**EXERCISE BRIEF**. Write out exactly the lines from the first line of the records below through the line that contains "AUCT 15362 - $70", and stop there.

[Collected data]

***

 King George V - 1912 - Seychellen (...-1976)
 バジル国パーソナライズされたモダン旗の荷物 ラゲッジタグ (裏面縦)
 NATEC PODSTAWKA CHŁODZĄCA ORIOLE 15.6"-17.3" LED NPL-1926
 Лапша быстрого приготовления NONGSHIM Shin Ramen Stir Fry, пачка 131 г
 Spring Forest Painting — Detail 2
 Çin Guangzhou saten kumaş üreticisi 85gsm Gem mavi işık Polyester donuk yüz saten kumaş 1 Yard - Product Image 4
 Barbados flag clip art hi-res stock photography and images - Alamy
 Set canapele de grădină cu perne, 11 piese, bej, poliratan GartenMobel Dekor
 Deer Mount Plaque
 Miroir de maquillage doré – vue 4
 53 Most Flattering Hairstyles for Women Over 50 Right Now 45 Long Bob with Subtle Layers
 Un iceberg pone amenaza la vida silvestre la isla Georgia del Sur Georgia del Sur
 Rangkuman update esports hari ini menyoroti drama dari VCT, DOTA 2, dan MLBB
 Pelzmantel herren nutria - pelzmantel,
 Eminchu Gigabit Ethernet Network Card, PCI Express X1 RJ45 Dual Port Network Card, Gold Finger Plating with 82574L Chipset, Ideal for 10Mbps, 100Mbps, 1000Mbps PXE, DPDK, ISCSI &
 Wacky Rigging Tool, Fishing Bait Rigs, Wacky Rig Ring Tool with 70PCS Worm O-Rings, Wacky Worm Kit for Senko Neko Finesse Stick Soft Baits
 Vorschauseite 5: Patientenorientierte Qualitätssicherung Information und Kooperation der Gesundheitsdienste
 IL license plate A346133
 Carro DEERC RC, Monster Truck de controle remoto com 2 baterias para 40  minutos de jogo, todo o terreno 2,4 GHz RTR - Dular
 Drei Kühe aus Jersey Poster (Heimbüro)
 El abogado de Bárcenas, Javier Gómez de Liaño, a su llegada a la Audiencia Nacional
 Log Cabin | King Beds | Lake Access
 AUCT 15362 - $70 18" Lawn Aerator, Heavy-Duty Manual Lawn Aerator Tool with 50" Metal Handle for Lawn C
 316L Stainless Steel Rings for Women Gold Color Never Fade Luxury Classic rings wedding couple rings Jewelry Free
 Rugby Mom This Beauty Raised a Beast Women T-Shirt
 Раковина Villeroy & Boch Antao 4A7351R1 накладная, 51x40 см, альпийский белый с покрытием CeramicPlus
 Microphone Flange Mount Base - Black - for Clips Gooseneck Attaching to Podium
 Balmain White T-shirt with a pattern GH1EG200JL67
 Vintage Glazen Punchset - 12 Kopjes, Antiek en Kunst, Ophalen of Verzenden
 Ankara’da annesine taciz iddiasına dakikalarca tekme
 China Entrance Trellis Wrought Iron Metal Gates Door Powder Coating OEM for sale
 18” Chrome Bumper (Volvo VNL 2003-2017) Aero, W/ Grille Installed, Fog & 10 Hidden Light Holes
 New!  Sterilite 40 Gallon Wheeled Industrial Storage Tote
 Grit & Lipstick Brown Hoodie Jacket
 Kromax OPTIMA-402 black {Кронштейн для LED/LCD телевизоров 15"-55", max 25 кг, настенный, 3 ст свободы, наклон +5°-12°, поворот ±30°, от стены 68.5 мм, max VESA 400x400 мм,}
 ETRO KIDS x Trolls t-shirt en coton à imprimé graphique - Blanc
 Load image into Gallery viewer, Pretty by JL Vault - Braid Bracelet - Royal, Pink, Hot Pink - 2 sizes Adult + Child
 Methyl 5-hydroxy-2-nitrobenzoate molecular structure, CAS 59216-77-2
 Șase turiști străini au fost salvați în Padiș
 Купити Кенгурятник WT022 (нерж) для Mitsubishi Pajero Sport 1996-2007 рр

***

**TASK SOLUTION**.
 King George V - 1912 - Seychellen (...-1976)
 バジル国パーソナライズされたモダン旗の荷物 ラゲッジタグ (裏面縦)
 NATEC PODSTAWKA CHŁODZĄCA ORIOLE 15.6"-17.3" LED NPL-1926
 Лапша быстрого приготовления NONGSHIM Shin Ramen Stir Fry, пачка 131 г
 Spring Forest Painting — Detail 2
 Çin Guangzhou saten kumaş üreticisi 85gsm Gem mavi işık Polyester donuk yüz saten kumaş 1 Yard - Product Image 4
 Barbados flag clip art hi-res stock photography and images - Alamy
 Set canapele de grădină cu perne, 11 piese, bej, poliratan GartenMobel Dekor
 Deer Mount Plaque
 Miroir de maquillage doré – vue 4
 53 Most Flattering Hairstyles for Women Over 50 Right Now 45 Long Bob with Subtle Layers
 Un iceberg pone amenaza la vida silvestre la isla Georgia del Sur Georgia del Sur
 Rangkuman update esports hari ini menyoroti drama dari VCT, DOTA 2, dan MLBB
 Pelzmantel herren nutria - pelzmantel,
 Eminchu Gigabit Ethernet Network Card, PCI Express X1 RJ45 Dual Port Network Card, Gold Finger Plating with 82574L Chipset, Ideal for 10Mbps, 100Mbps, 1000Mbps PXE, DPDK, ISCSI &
 Wacky Rigging Tool, Fishing Bait Rigs, Wacky Rig Ring Tool with 70PCS Worm O-Rings, Wacky Worm Kit for Senko Neko Finesse Stick Soft Baits
 Vorschauseite 5: Patientenorientierte Qualitätssicherung Information und Kooperation der Gesundheitsdienste
 IL license plate A346133
 Carro DEERC RC, Monster Truck de controle remoto com 2 baterias para 40  minutos de jogo, todo o terreno 2,4 GHz RTR - Dular
 Drei Kühe aus Jersey Poster (Heimbüro)
 El abogado de Bárcenas, Javier Gómez de Liaño, a su llegada a la Audiencia Nacional
 Log Cabin | King Beds | Lake Access
 AUCT 15362 - $70 18" Lawn Aerator, Heavy-Duty Manual Lawn Aerator Tool with 50" Metal Handle for Lawn C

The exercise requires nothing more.